So far the Monday releases from WikiLeaks have been few in number (indeed less than 60 cables have been leaked since this morning), but they reveal a belief among South Korean diplomats that they will inevitably seize control over a collapsed North Korea within 2-3 years after the death of Kim Jong-il.
According to South Korea’s Vice Foreign Minister Chun Young-Woo, the Chinese government is also resigned to this fact and unnamed officials had told him they were ready to “face the new reality” of South Korean hegemony over a reunited Korean Peninsula.
Indeed, the Chinese officials were said to be keen on the idea, seeing North Korea as a growing liability and a united Korea as a potentially valuable trading partner. Their only apparent concern was for the US not to use Korean unity as an excuse to move its troops northward and along the Chinese border.
Indeed, Chun predicted that the only real sticking point for reunification would be Japan, who he said had a preference to see Korea divided. He dismissed this as a serious problem, however, saying Japan lacked the leverage to stop reunification.
Reunification is a bad idea, because it would upset the balance of power in the region. It is one thing when a pacifist Germany reunited, it is quite another when a militant South and North Korea reunite. There is no guarantee that a unified Korea will disarm or de-nuclearize, and it would boast one of the strongest military's in the world .

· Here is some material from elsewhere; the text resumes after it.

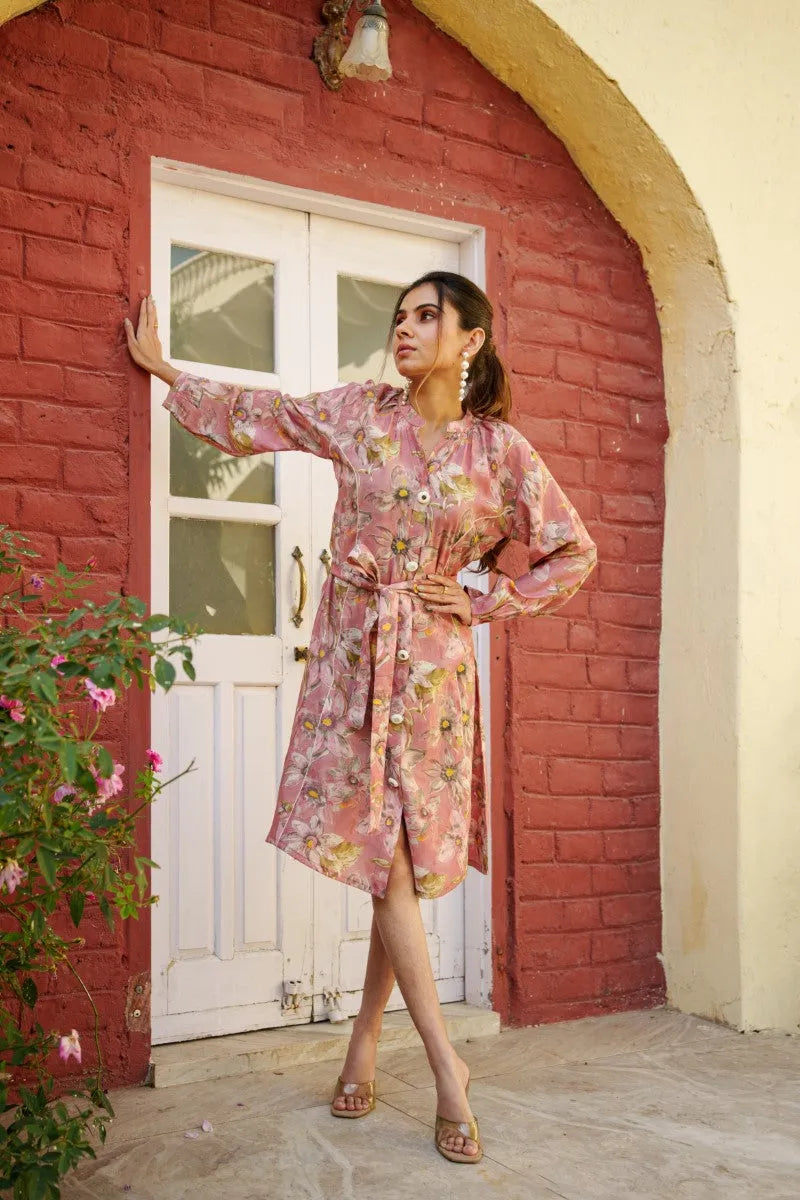 Women Muslin Floral Printed Knee Length Dress With Belt (Set of 5 Pc)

This source should be taken with a grain of salt, since it is South Korean, and the Chinese quoted may be double-talking, telling the South one thing, and the North another. The North will not collapse for a while at least.

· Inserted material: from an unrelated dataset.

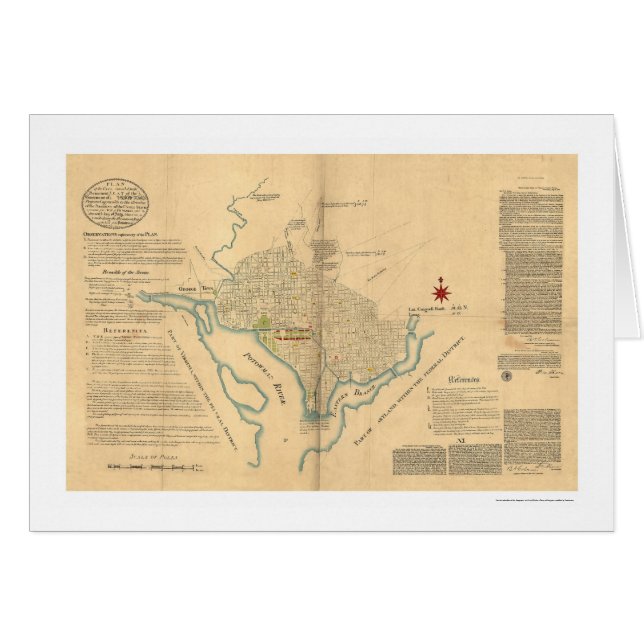 Washington DC Plan Map by L'Enfant 1791 (Front Horizontal)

So what exactly is a reunified Korea going to do? Launch a ground invasion of China with its 1.4 billion people? Launch an amphibious invasion of Japan? C,mon James..

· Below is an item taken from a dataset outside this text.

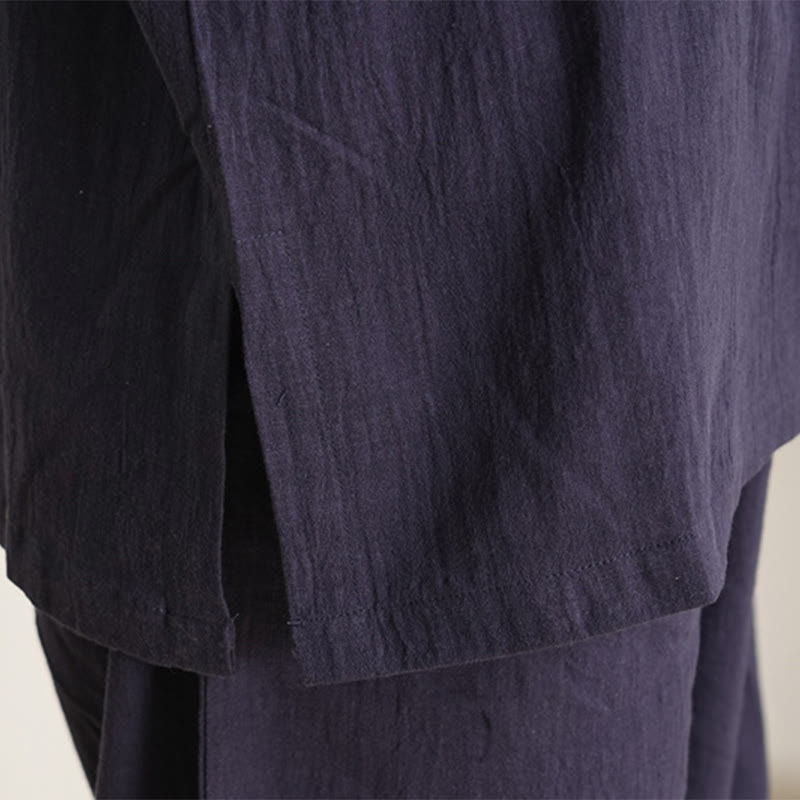 Buddha Stones 2-teiliges Set mit V-Ausschnitt, Dreiviertelärmeln, Hemd, Oberteil und Hose, Meditation, Zen, Tai Chi, Baumwoll-Leinen-Kleidung für Damen - image 16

A nuclear armed unified Korea does cause problems for China. The Chinese will still have to keep troops on their Korean border, keeping the PLA at least distracted from Taiwan/US issues. Likewise for Japan, a unified Korea causes problems for it. Do you know how many wars have been fought over the peninsula? Think about history my friend.
The USG does not want nor will it allow a unified Korea as it would create another nuclear power in the north western Pacific which the USG wants to dominate.
It also gives the U.S. even less reason to be in the Korean peninsula.
So how does that deal with the possibility that Sung wouldn't 'go Zionist' and use his nukes rather than face defeat? China going to 'nuke him back'?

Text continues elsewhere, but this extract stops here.